_Your instructions_.
Stop after the line containing "Пильный диск по"; retype every line of the data before it exactly, starting from the first.

___

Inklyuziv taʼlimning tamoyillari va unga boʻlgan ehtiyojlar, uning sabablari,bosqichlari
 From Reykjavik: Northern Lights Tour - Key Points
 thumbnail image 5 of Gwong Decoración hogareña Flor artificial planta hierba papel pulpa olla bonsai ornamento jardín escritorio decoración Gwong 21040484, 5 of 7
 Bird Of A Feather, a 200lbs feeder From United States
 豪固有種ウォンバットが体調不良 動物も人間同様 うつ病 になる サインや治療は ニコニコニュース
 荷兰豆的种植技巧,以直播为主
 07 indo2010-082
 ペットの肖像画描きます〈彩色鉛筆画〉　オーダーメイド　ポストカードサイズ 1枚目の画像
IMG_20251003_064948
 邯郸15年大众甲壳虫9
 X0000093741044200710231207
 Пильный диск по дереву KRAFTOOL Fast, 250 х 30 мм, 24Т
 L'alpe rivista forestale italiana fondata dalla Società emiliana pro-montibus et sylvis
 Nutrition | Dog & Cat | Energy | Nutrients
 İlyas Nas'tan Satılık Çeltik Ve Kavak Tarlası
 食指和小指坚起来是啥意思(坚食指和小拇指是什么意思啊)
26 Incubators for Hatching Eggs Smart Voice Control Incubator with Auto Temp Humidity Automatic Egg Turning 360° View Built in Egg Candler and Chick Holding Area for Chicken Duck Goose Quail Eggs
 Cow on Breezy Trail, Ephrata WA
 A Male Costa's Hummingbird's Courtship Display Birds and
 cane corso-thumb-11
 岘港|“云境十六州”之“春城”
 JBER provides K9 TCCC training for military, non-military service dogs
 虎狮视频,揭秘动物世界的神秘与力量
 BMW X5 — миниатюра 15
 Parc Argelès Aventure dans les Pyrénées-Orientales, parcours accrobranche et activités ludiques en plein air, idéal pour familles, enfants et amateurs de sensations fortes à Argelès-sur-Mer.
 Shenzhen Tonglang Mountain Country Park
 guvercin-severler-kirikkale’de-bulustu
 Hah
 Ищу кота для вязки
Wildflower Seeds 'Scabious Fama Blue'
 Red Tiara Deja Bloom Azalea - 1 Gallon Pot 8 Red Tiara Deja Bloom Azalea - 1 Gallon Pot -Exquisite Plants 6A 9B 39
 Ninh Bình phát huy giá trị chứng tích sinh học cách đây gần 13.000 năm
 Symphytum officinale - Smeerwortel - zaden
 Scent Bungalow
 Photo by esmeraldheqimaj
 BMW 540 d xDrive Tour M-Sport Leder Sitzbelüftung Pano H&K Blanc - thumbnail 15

___

_Answer section_.
Inklyuziv taʼlimning tamoyillari va unga boʻlgan ehtiyojlar, uning sabablari,bosqichlari
 From Reykjavik: Northern Lights Tour - Key Points
 thumbnail image 5 of Gwong Decoración hogareña Flor artificial planta hierba papel pulpa olla bonsai ornamento jardín escritorio decoración Gwong 21040484, 5 of 7
 Bird Of A Feather, a 200lbs feeder From United States
 豪固有種ウォンバットが体調不良 動物も人間同様 うつ病 になる サインや治療は ニコニコニュース
 荷兰豆的种植技巧,以直播为主
 07 indo2010-082
 ペットの肖像画描きます〈彩色鉛筆画〉　オーダーメイド　ポストカードサイズ 1枚目の画像
IMG_20251003_064948
 邯郸15年大众甲壳虫9
 X0000093741044200710231207
 Пильный диск по дереву KRAFTOOL Fast, 250 х 30 мм, 24Т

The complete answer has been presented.